Assignment => Copy the records below word for word, from the first line through the line that contains "Loungewear|Knitwear|Dr. Martens Marant", and leave out any pictures.
--
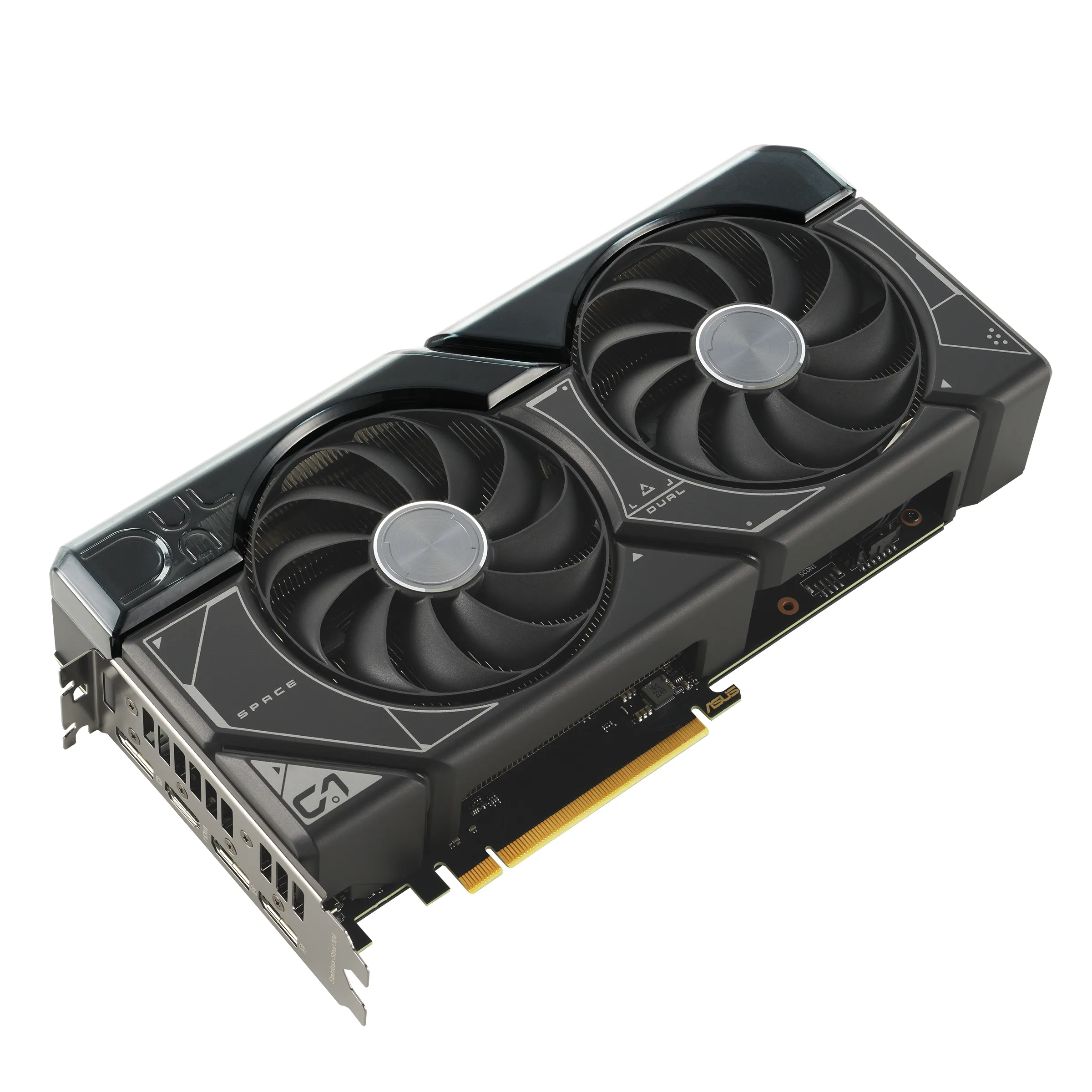 Asus GeForce RTX 4070 Dual OC 12 GB - grafikkort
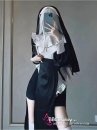Trang Phục Nữ Tu Sĩ Sexy Cosplay Chowbie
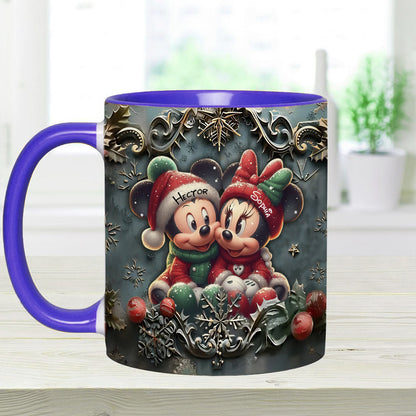 You And Me We Got This - Personalized Mouse Accent Mug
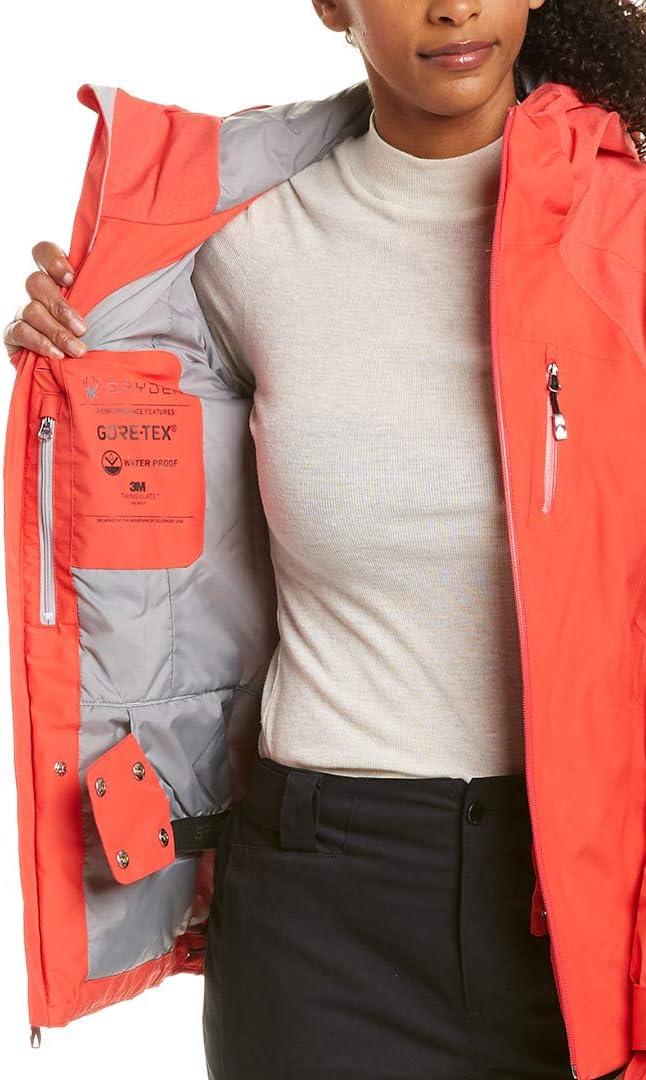 imageSpyder Womens Inna Goretex Ski JacketHibiscusHibiscus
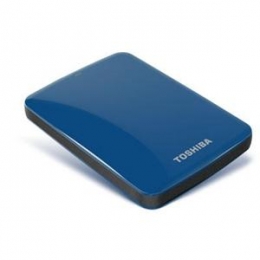 500GB Canvio Connect Blue [Item Discontinued]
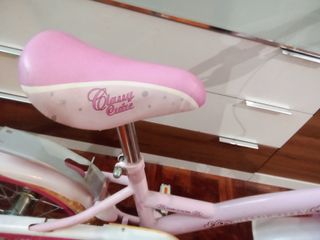 Bicicleta Infantil Hello Kitty Rosa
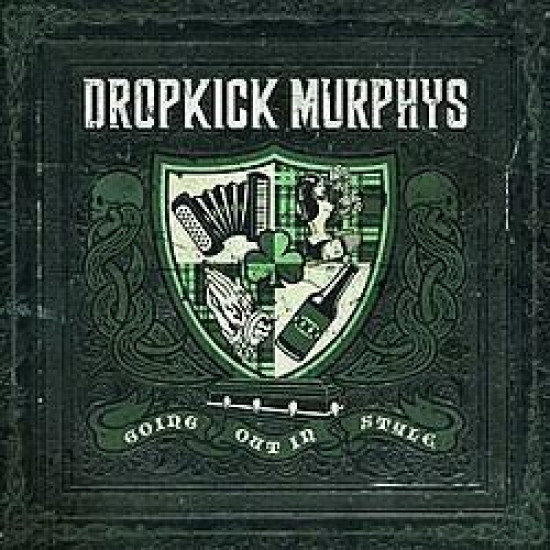 DROPKICK MURPHYS  GOING OUT IN STYLE CD LIMITED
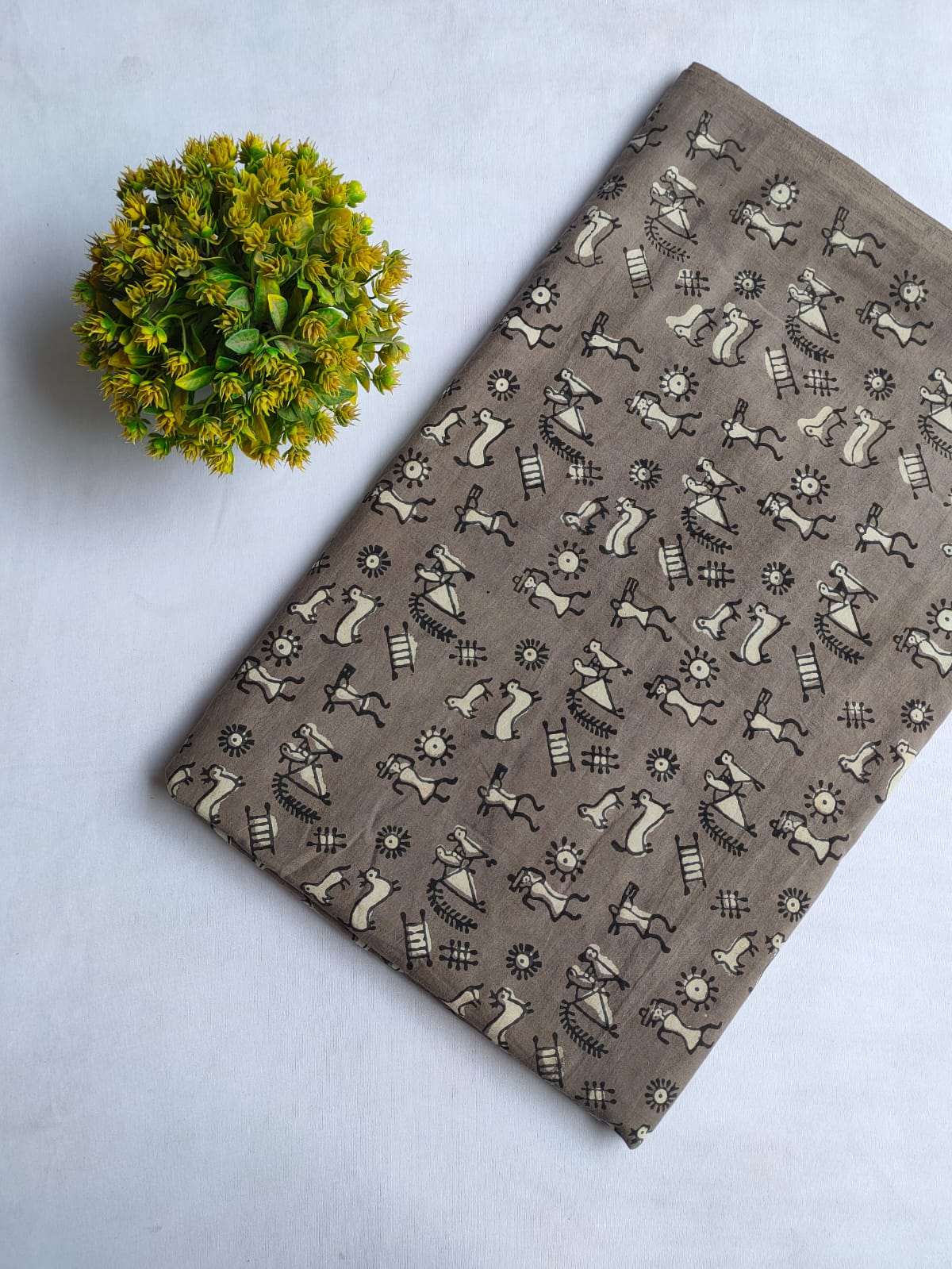 Pure Cotton Fabric Dress material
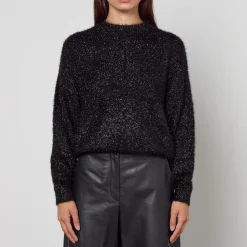 Loungewear|Knitwear|Dr. Martens Marant Etoile Sayers Lurex-Knit Jumper - FR 34/UK 6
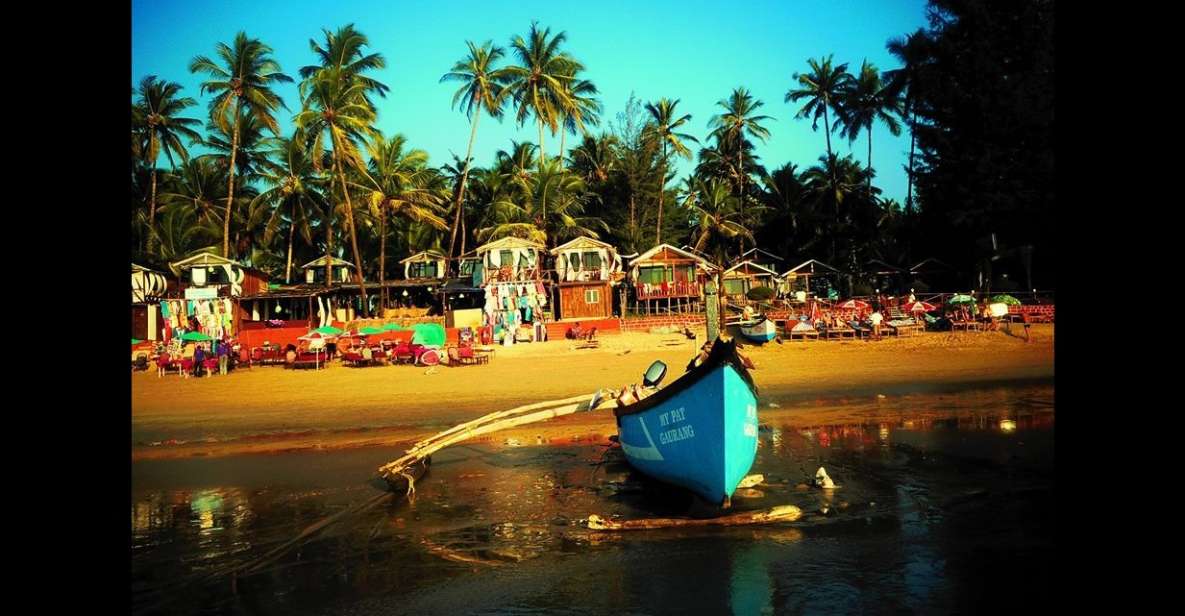 Goa: Baga Beach & The Basilica of Bom Jesus Highlights Tour - Yoga and Wellness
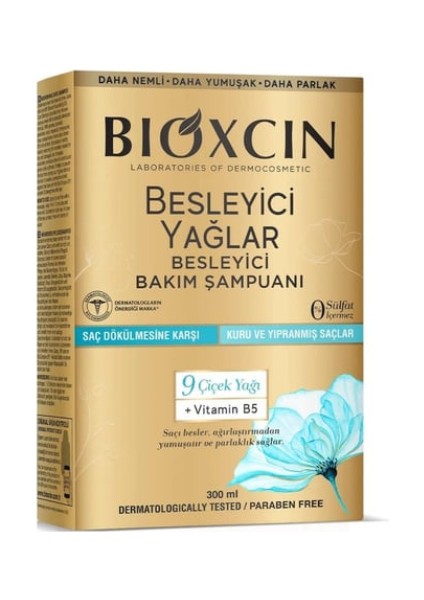 Besleyici Yağlar Bakım Şampuanı 300 ml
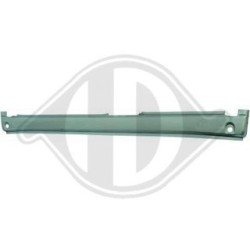 Seuil de porte marchepied 9146022 pour MERCEDES CLASSE V, VITO DIEDERICHS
--
Task response =>
 Asus GeForce RTX 4070 Dual OC 12 GB - grafikkort
Trang Phục Nữ Tu Sĩ Sexy Cosplay Chowbie
 You And Me We Got This - Personalized Mouse Accent Mug
 imageSpyder Womens Inna Goretex Ski JacketHibiscusHibiscus
 500GB Canvio Connect Blue [Item Discontinued]
 Bicicleta Infantil Hello Kitty Rosa
 DROPKICK MURPHYS  GOING OUT IN STYLE CD LIMITED
 Pure Cotton Fabric Dress material
 Loungewear|Knitwear|Dr. Martens Marant Etoile Sayers Lurex-Knit Jumper - FR 34/UK 6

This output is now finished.